■ **Goal of the exercise**: Among the records that follow, find the line with "Just Call Me" and the line with "Z-test and T-test in Statistical Analysis". Set down those lines and all lines between them exactly, without adding anything.

■ **Information given**:
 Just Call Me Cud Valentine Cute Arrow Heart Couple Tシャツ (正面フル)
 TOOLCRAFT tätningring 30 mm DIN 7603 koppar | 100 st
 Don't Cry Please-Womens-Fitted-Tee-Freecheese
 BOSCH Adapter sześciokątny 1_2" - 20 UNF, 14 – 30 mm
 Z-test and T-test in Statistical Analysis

* * *

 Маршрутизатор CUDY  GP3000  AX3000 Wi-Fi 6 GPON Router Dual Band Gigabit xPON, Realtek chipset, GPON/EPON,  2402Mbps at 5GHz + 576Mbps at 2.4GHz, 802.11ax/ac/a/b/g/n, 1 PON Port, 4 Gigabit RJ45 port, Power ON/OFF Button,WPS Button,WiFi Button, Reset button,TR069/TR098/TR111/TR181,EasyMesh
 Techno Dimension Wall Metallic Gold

==

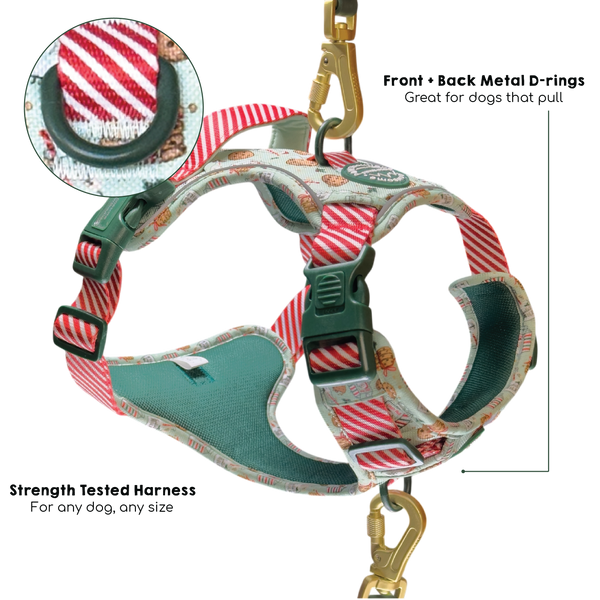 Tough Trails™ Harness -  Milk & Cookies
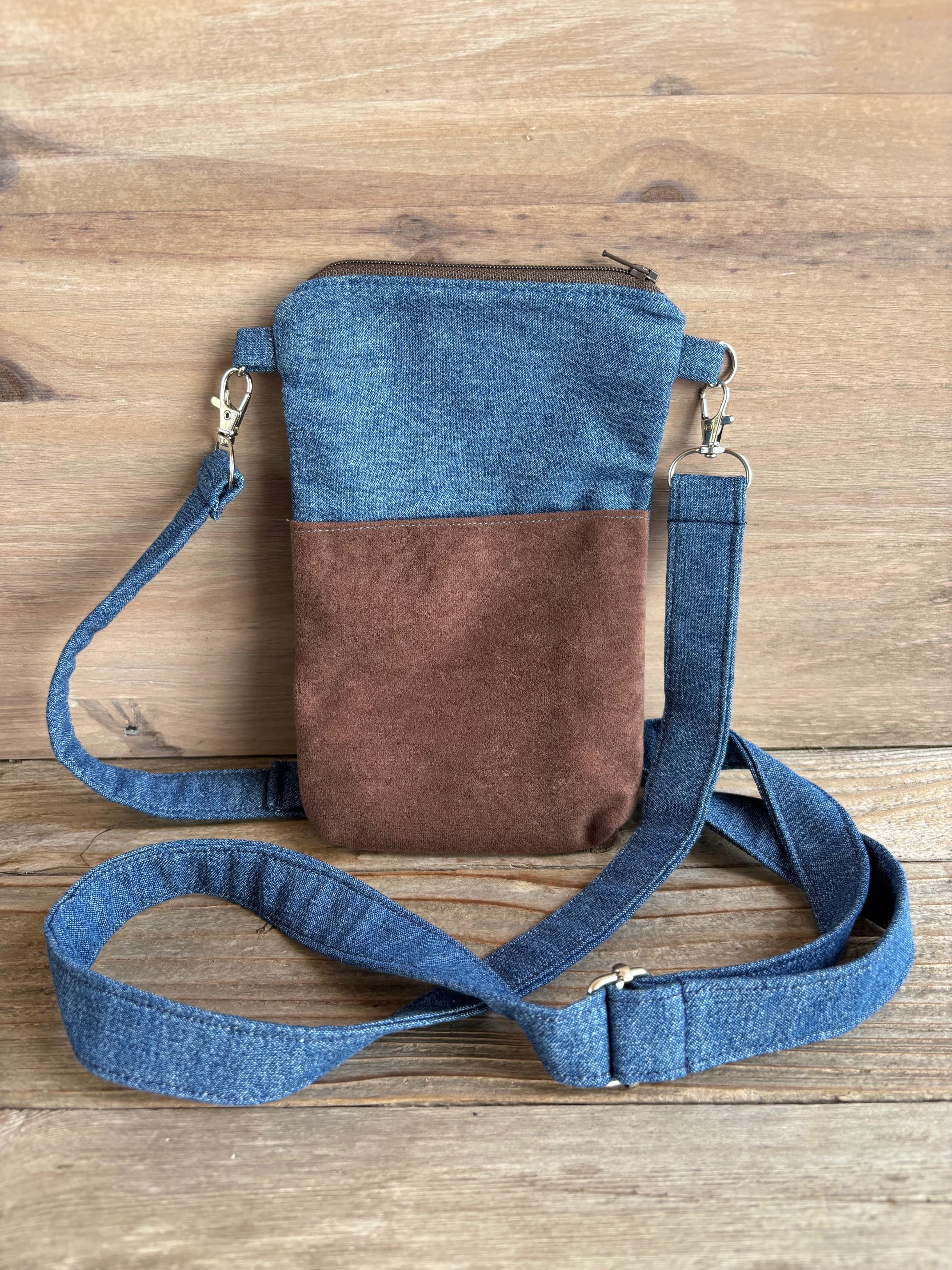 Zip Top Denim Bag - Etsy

■ **Response to this task**:
 Just Call Me Cud Valentine Cute Arrow Heart Couple Tシャツ (正面フル)
 TOOLCRAFT tätningring 30 mm DIN 7603 koppar | 100 st
 Don't Cry Please-Womens-Fitted-Tee-Freecheese
 BOSCH Adapter sześciokątny 1_2" - 20 UNF, 14 – 30 mm
 Z-test and T-test in Statistical Analysis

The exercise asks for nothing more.